◆ **Assigned task**
Would you transcribe the entries below word for word, omitting all images?

Stored dataset items
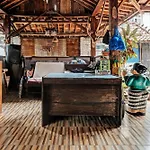 Spot On 91916 Joglo Doyong Homestay Syariah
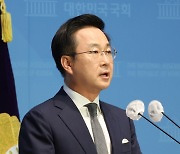 "풍수학자 왜 숨겼나?" vs "천공 아니어서"..논란 지속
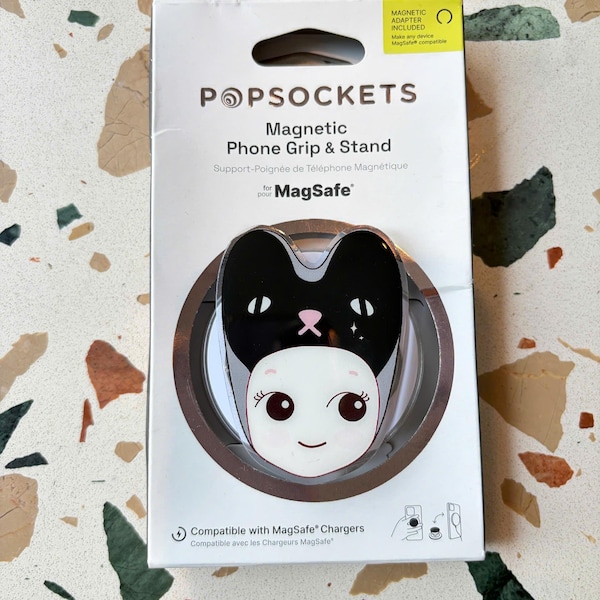 Handmade Sonny Angel Black Kitty Magnetic Phone Grip: Stand & Stylish Accessory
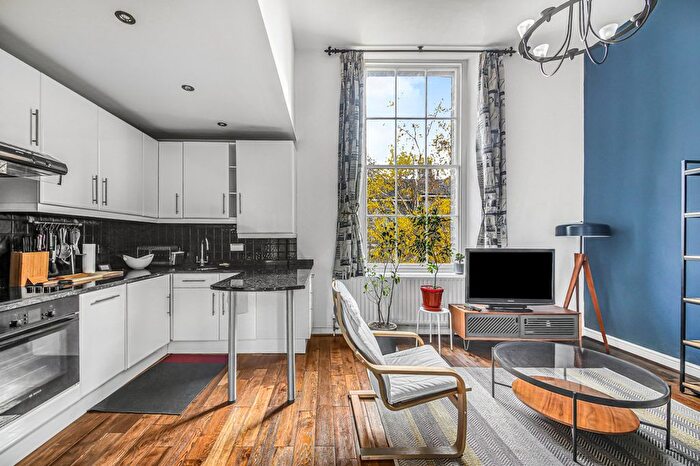 2 Bedroom Flat To Rent In Florence House, Royal Herbert Pavilions, SE18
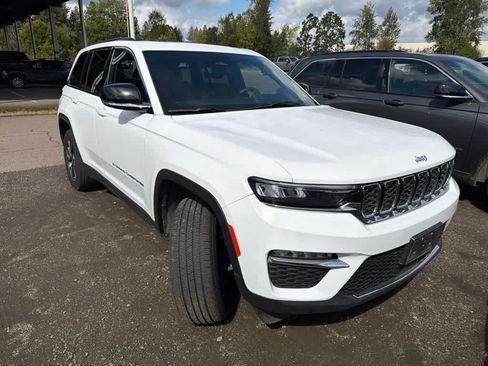 Used 2024 Jeep Grand Cherokee Limited 4xe AWD/4WD image 3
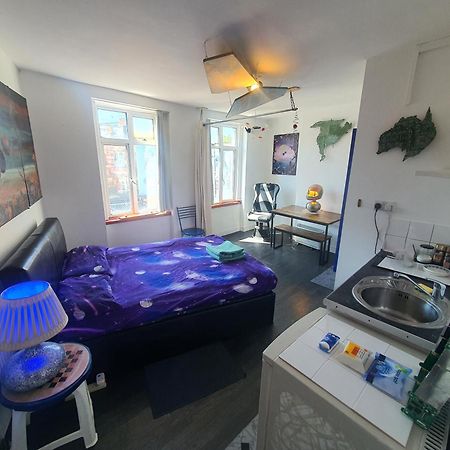 Cyber-Art Studio In Camden London Ngoại thất bức ảnh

◆ **Written answer**
 Spot On 91916 Joglo Doyong Homestay Syariah
 "풍수학자 왜 숨겼나?" vs "천공 아니어서"..논란 지속
 Handmade Sonny Angel Black Kitty Magnetic Phone Grip: Stand & Stylish Accessory
 2 Bedroom Flat To Rent In Florence House, Royal Herbert Pavilions, SE18
 Used 2024 Jeep Grand Cherokee Limited 4xe AWD/4WD image 3
 Cyber-Art Studio In Camden London Ngoại thất bức ảnh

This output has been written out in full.